You can mount as many corpora as you like using the same structure. Remember that you can adjust the amount of threads used through the .env file.

Afterwards, simply start the importer through the compose:

docker-compose up --build uce-importer

Developer Setup

In the source code, identify the module uce.corpus-importer and set up your IDE:

Setup

Add a new Application configuration
UCE is developed in Java 21
Set -cp corpus-importer
Main class: org.texttechnologylab.App
CLI arguments are obligatory:
- -src "./path/to/your_corpus/"
- -num 1
- -t 1
Maven should automatically download and index the dependencies. If, for some reason, it does not, you can force an update via mvn clean install -U (in IntelliJ, open Execute Maven Goal, then enter the command).

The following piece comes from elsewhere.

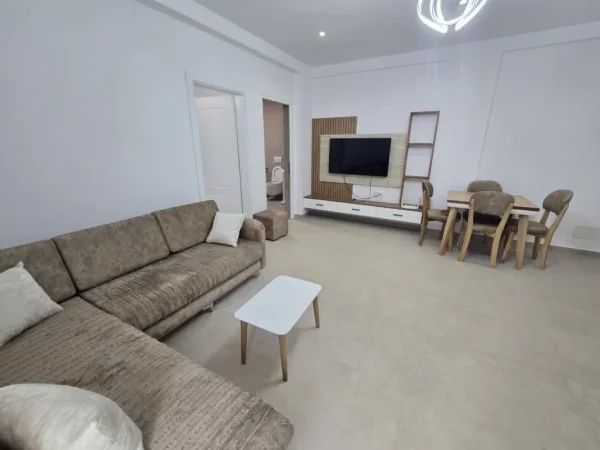 Tirane, jepet me qera apartament 1+1 Kati 1, 80 m² 400 € (sauk)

Open the common.conf file and adjust the database connection parameters to match your database (port, host, etc.). Now start the importer and import your corpus. Refer to CLI Arguments for a full list of possible parameters.

Logs

The importer logs to both the PostgreSQL database (tables uceimport and importlog) and the local logs directory within the container. Both logs also appear in the standard output of the console.

CLI Arguments

Argument	Description
`-src` `--importSrc`	The path to the corpus source where the UIMA-annotated files are stored.
`-srcDir` `--importDir`	Unlike `-src`, `-srcDir` is the path to a directory that holds multiple importable `src` paths. The importer will check for folders within this directory, where each folder should be an importable corpus with a corpusConfig.json and its input UIMA-files. Those are then imported.
`-num` `--importerNumber`	When starting multiple importers, assign an id to each instance by counting up from 1 to n (not relevant as off now, just set it to 1).
`-t` `--numThreads`	UCE imports asynchronous. Decide with how many threads, e.g. 4-8-16. By default, this is single threaded.